Data is everywhere. Our access to data and the ability to use it to inform decision making and drive business strategy is on the rise and not slowing down. It takes a special skill set to make this data useful, however, and collecting data for the sake of it isn’t going to be of any use unless you can make sense of it. Thanks to this growth, the demand for those who can make sense of it is at an all time high, and there are more things than ever that completing a business analytics degree is going to do for you. Let’s take a quick look at what business analytics is and what kind of career you might expect once you qualify.
What Are Business Analytics?
In a nutshell, the science of business analytics is closely tied to that of a data scientist. Business analytics is the profession of collecting, understanding, sorting, processing and presenting a company’s data in a useful, constructive way. You’ll make use of some classic statistics and statistical modelling combined with some modern computing and data analytics methods to essentially understand, translate and present business datasets that can be of value. Business analytics forms part of the bigger goal of Business Intelligence and focuses on the data aspect.
To be a successful business analyst you should have a strong working knowledge and skills in the fields of data analysis, quantitative data analysis and sophisticated mathematical modelling. You can study business analytics online and add it to your existing skillset, or start a career in it as a primary focus.
An Example of Where Business Analytics is Used
Consider the booming business of on demand video streaming. Every time a subscriber to a video service streams a television show or movie, data about it can be collected. You might collect data like what time of day they watched it, what they watched before or after it, or whether they finished the title or not. You could use that data to tweak the types of things the platform recommends to the user based on their watching history.
If a user often watches reality TV shows about baking on Saturday afternoons, it would make sense to recommend a reality show to do with cooking or baking if the user logs in on a Saturday afternoon. This is business analytics on a very small scale, but apply that to millions of users and all the data you can collect on them and you have an idea of how useful it might be to be able to understand it and use it to improve your platform.

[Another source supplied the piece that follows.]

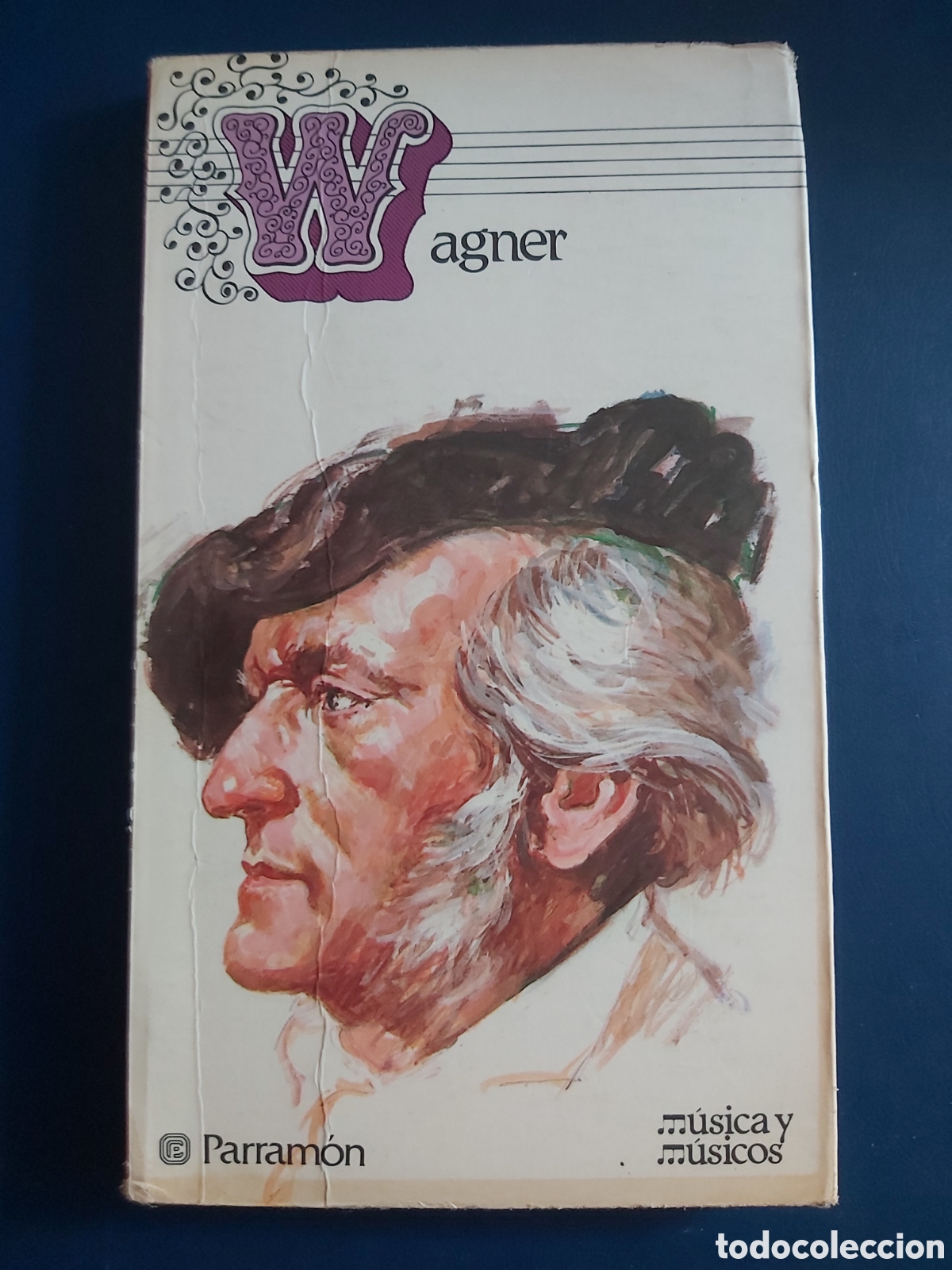Libros de segunda mano: WAGNER + WEBER MUSICA Y MUSICOS PARRAMON 1 EDICI&Oacute;N, SEPTIEMBRE 1982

Companies like Netflix do this and Netflix reported that up to 80% of consumed content now comes from recommendations based on the user and other users who match the profile’s watch history.
Turn Your Skills to Market Research
Market research is a very old and practiced profession with a rich history. Business analysts are becoming an integral part of it in the modern world and digital business analytics can inform much of the market research that leads to shifting focuses and more refined practices by businesses. In the realm of market research, your primary role will be to understand with the help of data what products are in demand and what the most effective ways of promoting them are, to which demographic promotions and advertising spend is the most effective and, at the core of it, who is willing to buy the product and at what price. Market research is a fascinating field that makes use of big data more and more.
The Emerging World of Big Data
Every day, companies around the world collect more and more data. Google collects every search query it receives and how each user interacts with the results page, Amazon collects product data, what sells alongside what, and many other such examples. Project management and business analytics, even in smaller businesses, are relying on this data more and more. If a baker constantly sells out of a type of bread, he’s likely to make more. If he also realises that a certain cheese stops selling when the bread is sold out, he can quickly analyse the correlation. Doing this on a scale where many hundreds of thousands of examples of this becomes much trickier, and that’s the realm of the business analyst.
Business analytics is an incredibly interesting and varied career and the proliferation of the effects of your work in business analytics is going to get more and more important as the world evolves to better understand what it’s capable of and what it can do for even smaller businesses.